Eighties Topalbums: 10CC - Windows In The Jungle


tracklist:

24 Hours
Oomachasaooma (feel the love)
Yes I Am
Americana Panorama
City Lights
Food For Thought
Working Girls
Taxi Taxi

I got to know 10CC at the end of the seventies / early eighties through my cousin, because everyone has inscribed Dreadlock Holiday in his memory. The first album I heard from them was Live And Let Live. A very strong live album, I have something with live albums, which is still among my favorites.

Eric Stewart, who after the departure of Godley & Creme in 1976 together with Graham Gouldman remained responsible for the sound of 10CC, got involved in a heavy car accident in 1979. After rehabilitation, he was no longer the old one, which certainly did not benefit the compositional aspect of 10CC. In addition, the group was confronted with a record company that demanded hits. To pull the car back smoothly, the duo worked together with Andrew Gold, but the songs they wrote with him did not end up on the European version of Ten Out Of 10; the eighth 10CC album that came out in 1981. The American version did contain some of those songs, and it took until 2006 until all the material from both albums was merged for the Japanese CD version. Incidentally, it only appeared in Europe in 2014.

For the successor Windows In The Jungle, Stewart and Gouldman wanted to make a concept album in Pink Floyd's tradition. That went partly well, partly because the record company continued to ask for singles, the quick money. Stewart later stated that the final result did not meet his expectations. He would have liked an album with songs in the line of One Night In Paris (from The Original Soundtrack) and Feel The Benefit (from Deceptive Bends). But the music world had changed and although in England at that time a new wave of progressive rock bands arose with Marillion, Twelfth Night, IQ, Pendragon and Pallas as standard-bearers, according to the record companies the concept album was completely outdated. Although the duo is limping on two thoughts with numbers of six to eight minutes (24 Hours, Yes I Am and Taxi, Taxi) and commercial (single) material of three / four minutes like Americana Panorama and City Lights, there is also a concept to be judged. Due to the top ten hit Feel The Love and Food For Thought, which was only released in the Netherlands, which scored 18 as the highest, the album managed to maintain itself for 10 weeks in the Album Top 100 with number 6 as the highest ranking. It also gave 10CC that year an invitation for Veronica's Rocknight where they gave a great concert. It turned out to be the last album for Mercury Records and 10CC went into the fridge for nine years.
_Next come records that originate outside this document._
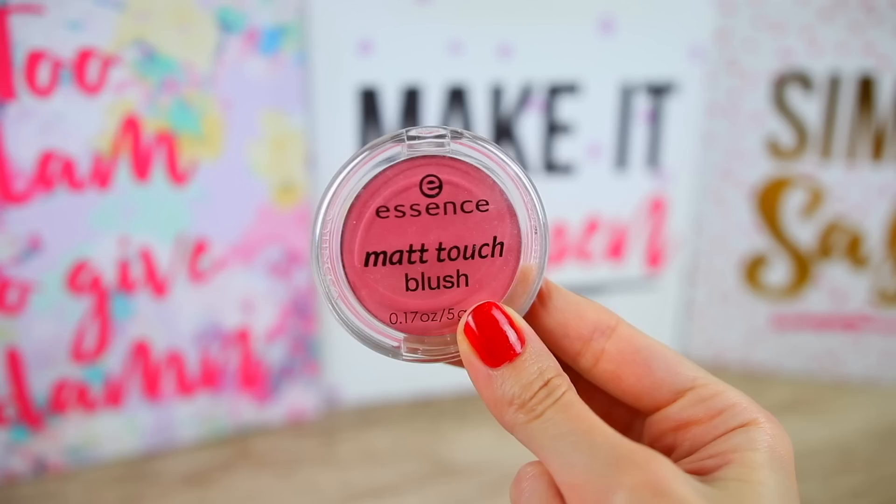Now I want to add a little bit of color on my cheeks. I'm going to use the Matte Touch Blush in the shade 20 'Berry Me Up.' I'm taking the product with the BH Cosmetics brush number two — just smile to see the highest points of your cheeks and drag your brush along the cheekbone.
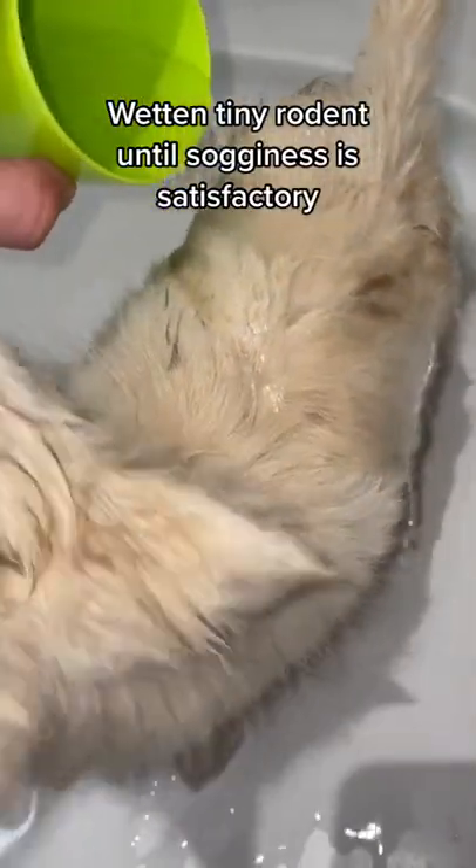Wet the tiny rodent until sogginess is satisfactory. Get too lazy to use a cup and grab the showerhead.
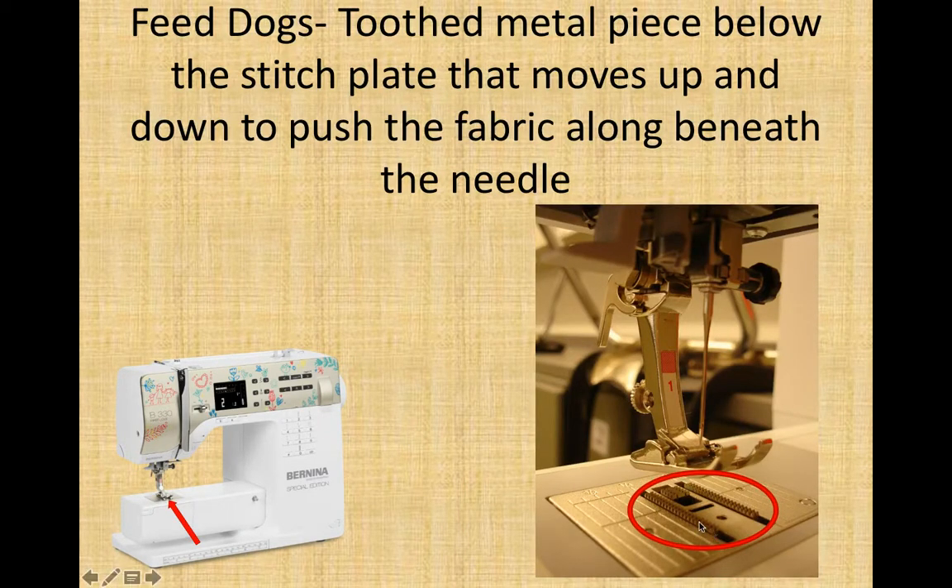Feed dogs. Feed dogs are these two rows of rough metal underneath your presser foot and needle. They are the part that actually grabs the fabric and pulls it through — they come up, grab the fabric, pull it back, go down, come forward, grab more, and keep pulling the fabric through the machine. You should not be forcing, pushing, or pulling the fabric; let the feed dogs pull it through. If the feed dogs are allowed to do their job, it controls the stitch length exactly to what you programmed and allows the speed to work accurately with your foot pedal. The feed dog drop drops them below the metal plate so they cannot reach or grab fabric at all, which would force you to sew in the same spot.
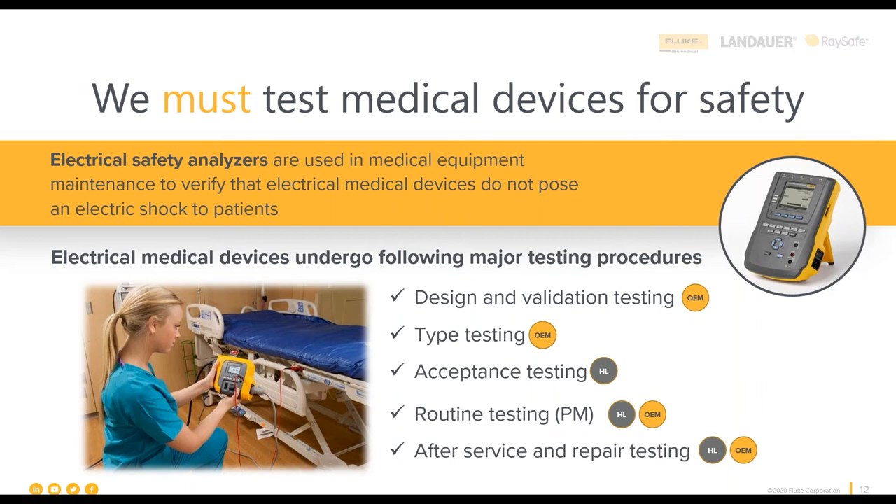These devices do fail, so please do electrical safety testing preventatively over time. There's also testing conducted by the OEM at the time of product design, including type testing, bench testing, validation and verification (V&V) during research and development, as well as electrical safety testing as the product leaves the production line. When you perform acceptance testing, you're trying to figure out: the manufacturer said it was okay, it was shipped — did anything go wrong in the interim?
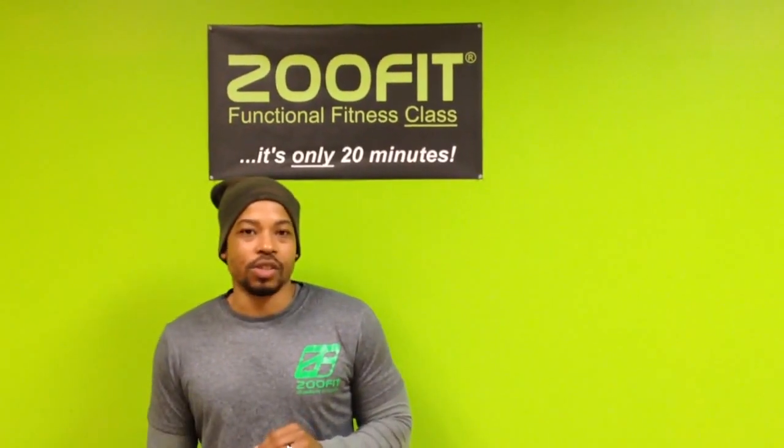What's up guys, it's trainer Drew here again and today I'm bringing you another tip about how not to make excuses about being out of shape and take five minutes out of your day to get in shape.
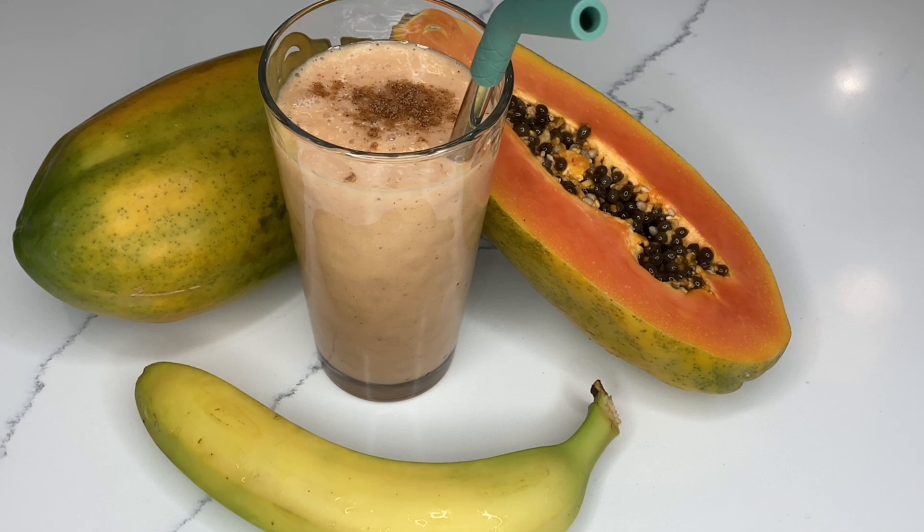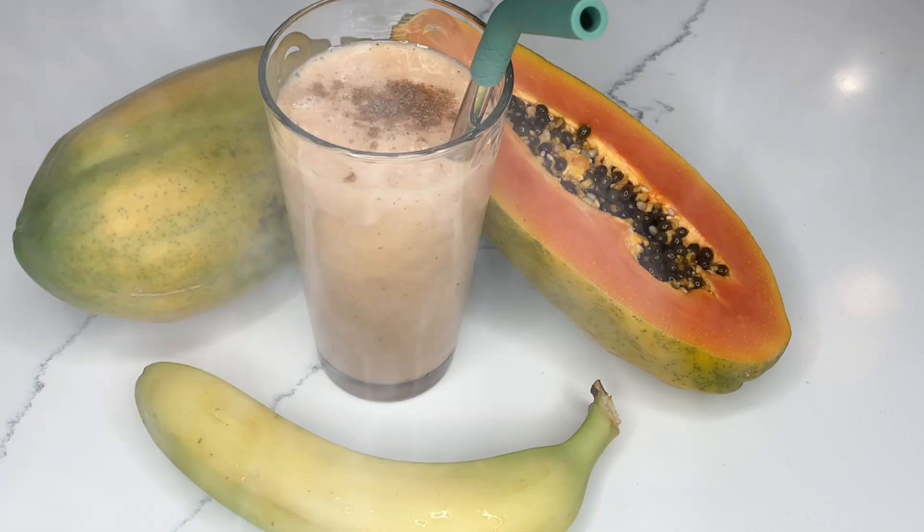It's my papaya and banana smoothie, so I am really going to enjoy it. I'm going to have fun with it. While I'm drinking it, as always, I'll be thinking of you.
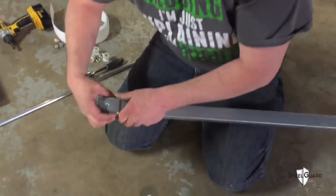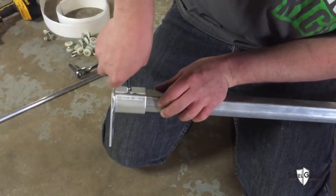Next, insert the wall end mount connectors. Tighten the inset screws with an allen wrench.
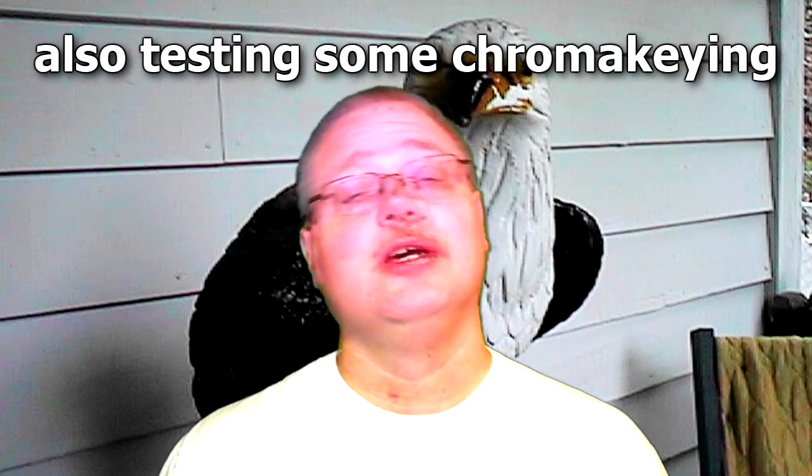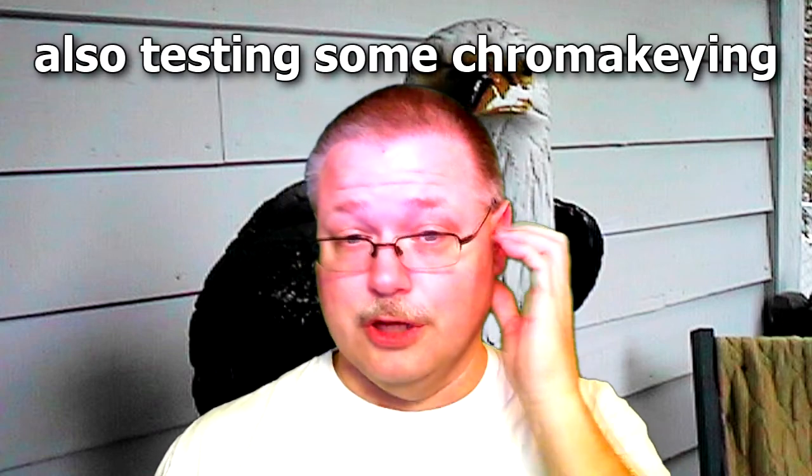Hey there folks, Uncle Troy here recording with my Logitech HD webcam C510. I always forget all the old numbers and everything.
Graham Gouldman picked up his collaboration with Andrew Gold, and released three albums under the name Wax between 1984 and 1990. Eric Stewart had already released two solo albums in 1980 and 1982 and would only add two more in 2003 and 2009.

I am still very enthusiastic about Windows In The Jungle. I think this is also because Windows In The Jungle was the first new LP of 10CC, which I bought myself. 10CC is such a band that manages to mix progressive rock, reggae and pop excellently into art-like compositions, although it is striking that both singles who managed to make it to the top 40 have a high reggae content and clearly lie in the continuation of Dreadlock Holiday. 24 Hours, which also appeared as a single, did absolutely nothing, while musically there was much more tension in it.

The song is about the life of an artist and it seems that Eric Stewart stood model. It describes life in the city, where everyone has a nine to five job, where the daily hustle and bustle prevails, but where the artist sleeps and only takes action when the workers are at the end of their working day as a visitor at his performance. He must be on top while they are allowed to relax. With the success come the vague figures who force themselves on the band and the groupies who like to throw themselves into his arms. A fact that Stewart personally experienced when I'm Not In Love became a world hit. The subject is reminiscent of the three opening tracks of the 1980 Genesis album Duke (Behind The Lines, Duchess and Guide Vocal), which deal with the rise and fall of an artist.

Furthermore, decomposers of song lyrics reveal a second possible link to Genesis by means of the
following piece in the songtext:

I say Phil can you get it,
He say "Alright, alright, alright"
Tell me when can I get it,
He say "Tonight, tonight, tonight"
I want money on delivery hey
That's right, that's right, that's right
I say baby do not trust me,
He say "The city's a jungle where the strongest survive."

This would refer to Phil Collins and the Genesis song Tonight Tonight Tonight. However, this song did not appear until 1986 on the Genesis album Invisible Touch. So it could be just that it is the other way around and that Phil Collins was triggered by the song text of 24 Hours to write the song Tonight Tonight Tonight.